Damon Dash is an American entrepreneur born on May 3, 1971, in New York City. His career spans acting, film production, film direction, record production, composing, talent management, and nightclub ownership — a range of roles that places him across several sectors of the entertainment and business industries simultaneously.
Dash attended PS 6 and the Dwight School before going on to the Manhattan Center for Science and Mathematics, all in New York. That education in the city where he was born appears to have kept him rooted in its cultural landscape as he moved into professional life, eventually taking on the multiple roles — producer, director, manager, entrepreneur — that the record attributes to him.
As a film actor and film producer, Dash has worked on both sides of the camera. His credits as a film director extend that range further, while his work as a record producer and composer adds a musical dimension to a career that does not sit easily within any single industry category. His role as a talent manager points to involvement not only in creating work himself but in shaping the careers of others.
The Library of Congress catalogs him under the authorized label "Dash, Damon, 1971-," a designation that reflects his standing as a documented public figure in American cultural and commercial life. His work as a nightclub owner rounds out a profile defined by ownership and enterprise across multiple fields, all conducted in English and grounded in the United States.
Quotes by Damon Dash

I might have companies, I might have buildings, I might have art. But money? No, I'm not holding that.
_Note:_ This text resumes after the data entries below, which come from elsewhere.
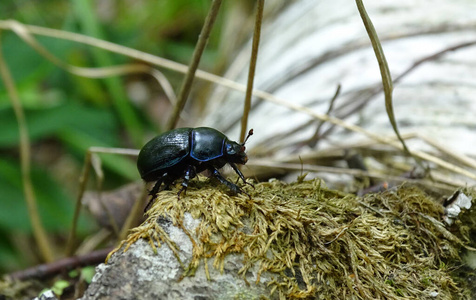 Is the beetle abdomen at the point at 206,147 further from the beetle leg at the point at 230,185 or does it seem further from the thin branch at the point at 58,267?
the thin branch at the point at 58,267

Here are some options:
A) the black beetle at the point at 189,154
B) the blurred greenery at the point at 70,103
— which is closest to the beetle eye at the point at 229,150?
the black beetle at the point at 189,154

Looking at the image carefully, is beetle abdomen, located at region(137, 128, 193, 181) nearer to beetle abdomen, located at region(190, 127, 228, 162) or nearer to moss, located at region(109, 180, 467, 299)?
beetle abdomen, located at region(190, 127, 228, 162)

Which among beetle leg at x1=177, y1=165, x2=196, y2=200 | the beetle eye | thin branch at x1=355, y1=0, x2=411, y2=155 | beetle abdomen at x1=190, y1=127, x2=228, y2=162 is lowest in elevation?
beetle leg at x1=177, y1=165, x2=196, y2=200

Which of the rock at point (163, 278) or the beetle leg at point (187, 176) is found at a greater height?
the beetle leg at point (187, 176)

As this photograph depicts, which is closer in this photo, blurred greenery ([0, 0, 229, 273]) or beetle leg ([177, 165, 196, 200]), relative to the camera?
beetle leg ([177, 165, 196, 200])

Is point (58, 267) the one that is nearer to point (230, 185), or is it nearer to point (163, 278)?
point (230, 185)

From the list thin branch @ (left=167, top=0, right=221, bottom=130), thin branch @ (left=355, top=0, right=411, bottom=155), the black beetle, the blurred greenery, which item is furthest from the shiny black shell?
the blurred greenery

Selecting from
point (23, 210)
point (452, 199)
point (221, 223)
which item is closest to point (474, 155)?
point (452, 199)

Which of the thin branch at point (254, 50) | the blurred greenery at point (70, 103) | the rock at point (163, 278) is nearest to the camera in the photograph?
the rock at point (163, 278) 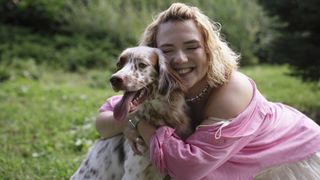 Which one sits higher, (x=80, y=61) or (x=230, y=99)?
(x=230, y=99)

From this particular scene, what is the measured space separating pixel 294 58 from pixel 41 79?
15.7 ft

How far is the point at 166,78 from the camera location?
295 centimetres

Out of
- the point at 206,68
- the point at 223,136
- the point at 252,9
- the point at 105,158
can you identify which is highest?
the point at 206,68

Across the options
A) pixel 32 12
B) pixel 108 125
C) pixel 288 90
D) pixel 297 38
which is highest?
pixel 108 125

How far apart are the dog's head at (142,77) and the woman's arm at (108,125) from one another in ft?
1.15

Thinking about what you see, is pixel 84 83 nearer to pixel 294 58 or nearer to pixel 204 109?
pixel 294 58

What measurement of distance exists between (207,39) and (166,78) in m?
0.42

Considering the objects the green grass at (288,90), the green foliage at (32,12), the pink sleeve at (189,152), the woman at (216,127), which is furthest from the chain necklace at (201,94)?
the green foliage at (32,12)

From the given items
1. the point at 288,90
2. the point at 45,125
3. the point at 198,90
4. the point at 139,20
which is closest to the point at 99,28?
the point at 139,20

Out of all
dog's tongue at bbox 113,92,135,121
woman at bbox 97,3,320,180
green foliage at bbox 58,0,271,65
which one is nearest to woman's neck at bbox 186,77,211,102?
woman at bbox 97,3,320,180

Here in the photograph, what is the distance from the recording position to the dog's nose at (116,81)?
269 cm

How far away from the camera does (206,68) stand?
3.19 m

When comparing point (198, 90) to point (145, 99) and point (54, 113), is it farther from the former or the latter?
point (54, 113)

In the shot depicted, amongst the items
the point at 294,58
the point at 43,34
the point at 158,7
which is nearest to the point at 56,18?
the point at 43,34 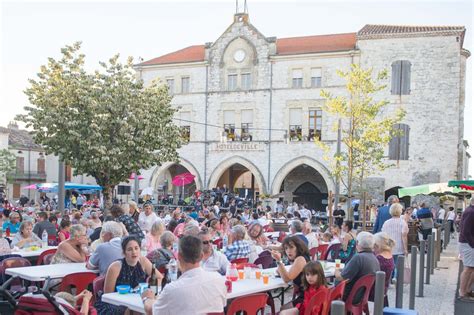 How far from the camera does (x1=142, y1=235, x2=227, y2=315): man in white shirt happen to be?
448 centimetres

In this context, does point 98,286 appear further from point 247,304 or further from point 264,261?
point 264,261

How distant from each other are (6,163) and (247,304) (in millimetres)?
49243

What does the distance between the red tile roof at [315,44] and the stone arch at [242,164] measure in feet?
24.4

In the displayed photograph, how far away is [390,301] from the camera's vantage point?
33.6 feet

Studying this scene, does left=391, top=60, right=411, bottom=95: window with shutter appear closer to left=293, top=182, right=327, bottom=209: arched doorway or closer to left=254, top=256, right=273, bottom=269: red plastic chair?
left=293, top=182, right=327, bottom=209: arched doorway

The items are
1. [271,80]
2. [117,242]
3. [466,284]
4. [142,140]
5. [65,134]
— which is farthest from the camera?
[271,80]

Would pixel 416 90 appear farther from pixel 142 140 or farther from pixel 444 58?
pixel 142 140

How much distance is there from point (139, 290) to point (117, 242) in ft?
4.66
Everyone I put in business, I must've taught them something. They all have reaped the benefits of it. A lot of them haven't done right by me, but it's all gravy.

It's hard not to be confident when you put in business the biggest black male in comedy, Kevin Hart. I know I took him off a stage and put him in his first four movies. I know I did that.

It's funny: when the press knows someone's gonna say something stupid, they're quick to pass them a mic and put a camera on them, and everybody talk about it.

If you remember 'The Best of Both Worlds,' you don't see my name on that... I never wanted no part of that.

My thing is to have a good, profitable company, for it to be 100% owned independently.